[Start of Attachment]

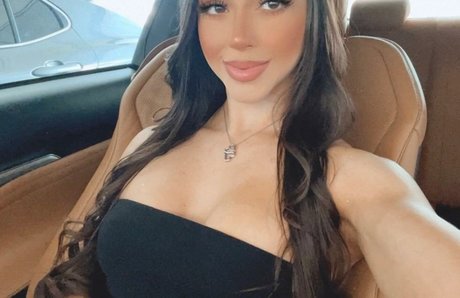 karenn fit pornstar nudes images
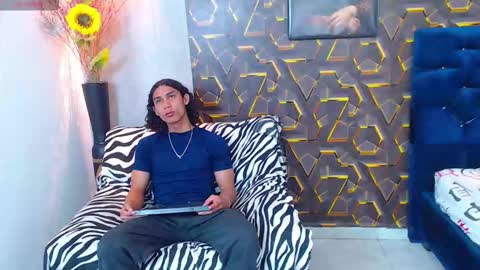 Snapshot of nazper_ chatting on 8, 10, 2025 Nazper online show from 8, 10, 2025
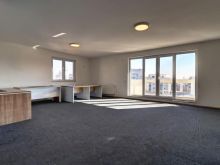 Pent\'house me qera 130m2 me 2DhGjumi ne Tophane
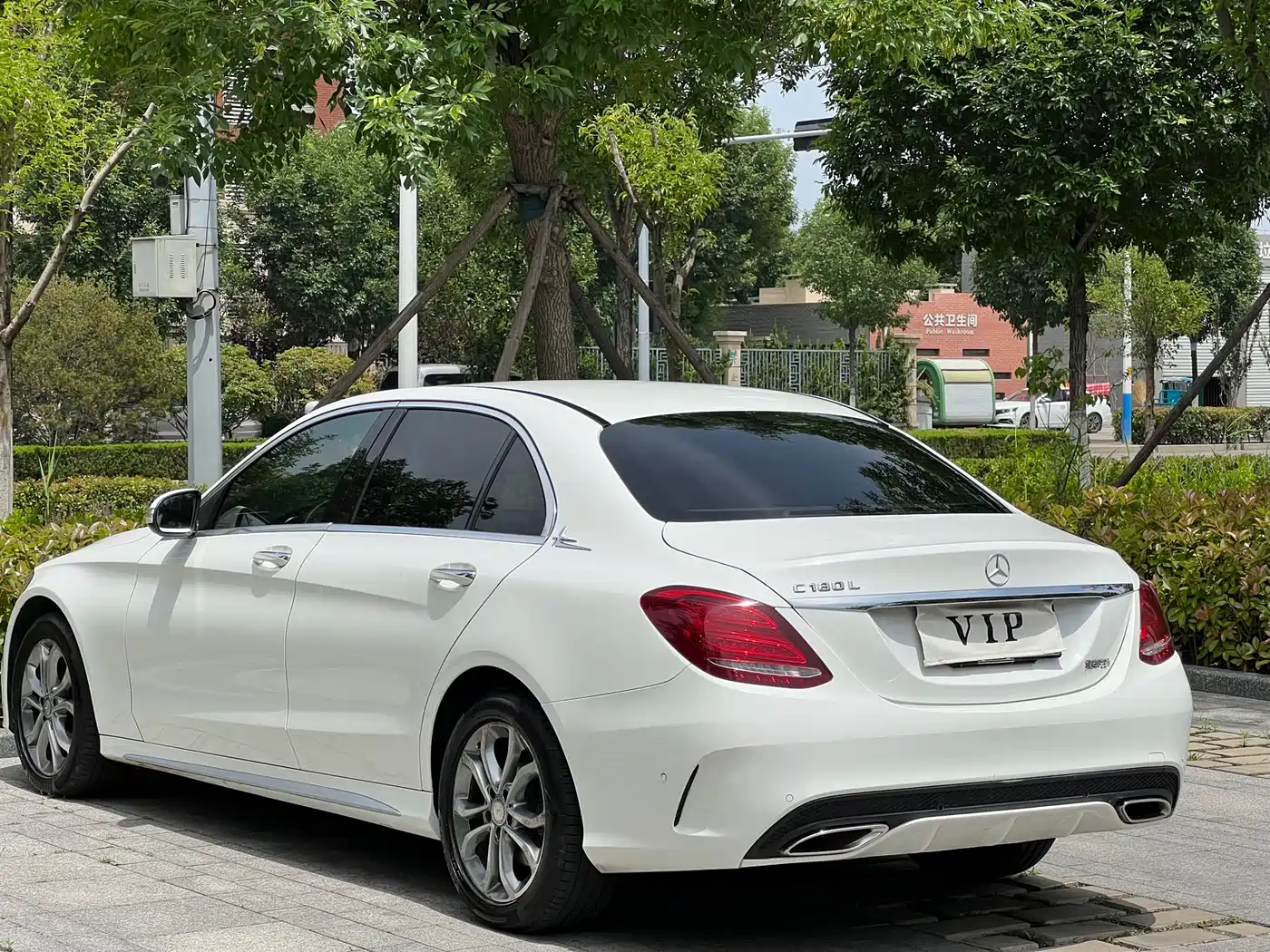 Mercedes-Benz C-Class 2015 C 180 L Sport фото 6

[End of Attachment]

**Exercise:**
Write out every line above again exactly, with the pictures left out.

**Response to the exercise:**
 karenn fit pornstar nudes images
 Snapshot of nazper_ chatting on 8, 10, 2025 Nazper online show from 8, 10, 2025
 Pent\'house me qera 130m2 me 2DhGjumi ne Tophane
 Mercedes-Benz C-Class 2015 C 180 L Sport фото 6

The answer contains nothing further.